The end result in this case would presumably be a single hole that would be rotating, but the exact axis of rotation would depend on the exact configuration of the holes that all came together.

 

[Ibix]

A planet is made up of lots of bits - atoms - which are spread out in space. In fact, the planet is defined by the volume its atoms occupy. A black hole, however, is a vacuum inside the event horizon - all infalling matter ends up in the singularity (or, at least, that's how GR models it). So two black holes "touching" isn't anything like two planets touching. It's more closely akin to two planets passing close enough to each other to end up in mutual orbit. The special thing about black holes is that there is some distance-of-closest-approach from which there is no way to escape the mutual orbit no matter how fast the holes are going.

 

[pervect]

I don't have a really good reference, but my understanding of the situation of two black holes traveling rapidly past each other is this:

The metric, or space-time geometry, (which terms I'm using interchangably hoping one of them makes some sense) of a ultra-relativisti black hole can be mathematically approximated by something called a "pp wave spacetime", <<link>>.

This is just an approximation, but if the velocity of the black holes is sufficiently close to "c" in what one might call the center-of-mass frame of the collision, it's a good approximation. One might make it exact by replacing the black holes with two pulses of ultra-energetic light, if one is so minded, in which case the pp wave is no longer an approximation, it's an exact description of the problem.

The pp wave isn't just a single point-like object, it has spatial extent. It might be best to regard it in this context as a field surrounding a black hole, if you can conceive of a field that's nothing more than geometry. Which, I should add, is not a bad way to think of General Relativity's description of a "gravitationl field". So one can think of the pp-wave as being the "gravitational field" of the two light pulses / black holes.

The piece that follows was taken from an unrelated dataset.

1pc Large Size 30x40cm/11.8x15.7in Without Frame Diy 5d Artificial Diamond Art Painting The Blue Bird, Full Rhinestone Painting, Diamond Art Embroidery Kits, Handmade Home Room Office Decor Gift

Solving the problem of such an interaction between two colliding pp waves is tricky. There is a fair amount of literature on the topic, but I'm not familiar with the details.

One of the possible outcomes of colliding pp waves is the formation of a singularity, a black hole. This means that if you have two colliding pp-waves, they can form a black hole, even if the light pulses or black holes which generate the pp-wave would be expected not to collide. (The expectation of them not colliding is based on thinking of the waves/black holes as propagating through a flat background space-time, rather than the actual curved space-time geometry that one gets when one gets when one does a full treatment of the problem according to General Relativity which includes the effects of gravity).

Another way of saying this - the "gravitational fields" of the two black holes or light pulses collide, even if the black holes or light pulses themselves don't.

Note that it's possible for two such colliding pp waves to form a black hole, but it's not guaranteed. When one tries to get to specifics, one runs into the interesting "hoop conjecure". This hasn't been proven AFAIK, but it gives a rule-of-thumb which purports to tell us when a black hole is formed by the collision, and when it isn't.

"Tensile strength" doesn't really enter into this in any meaningful way that I can think of. It's like asking "how strong is geometry".

 

[Jimmy]

Long ago I was told that if two black hole traveling rapidly relative to each other "brushed" past each other they'd pull each other in. I find it odd that a massive object traveling near the speed of light would suddenly stop dead in its track.

Can you give a reference?

I believe this is the thread:
Can you scoop out part of a black hole?

 

[Dale]

Apparently, there is no in-between of spewing off a shower of matter, or smallish black holes, as might happen with a glancing blow for normal matter.

They will throw off a lot of gravitational waves as they spiral in.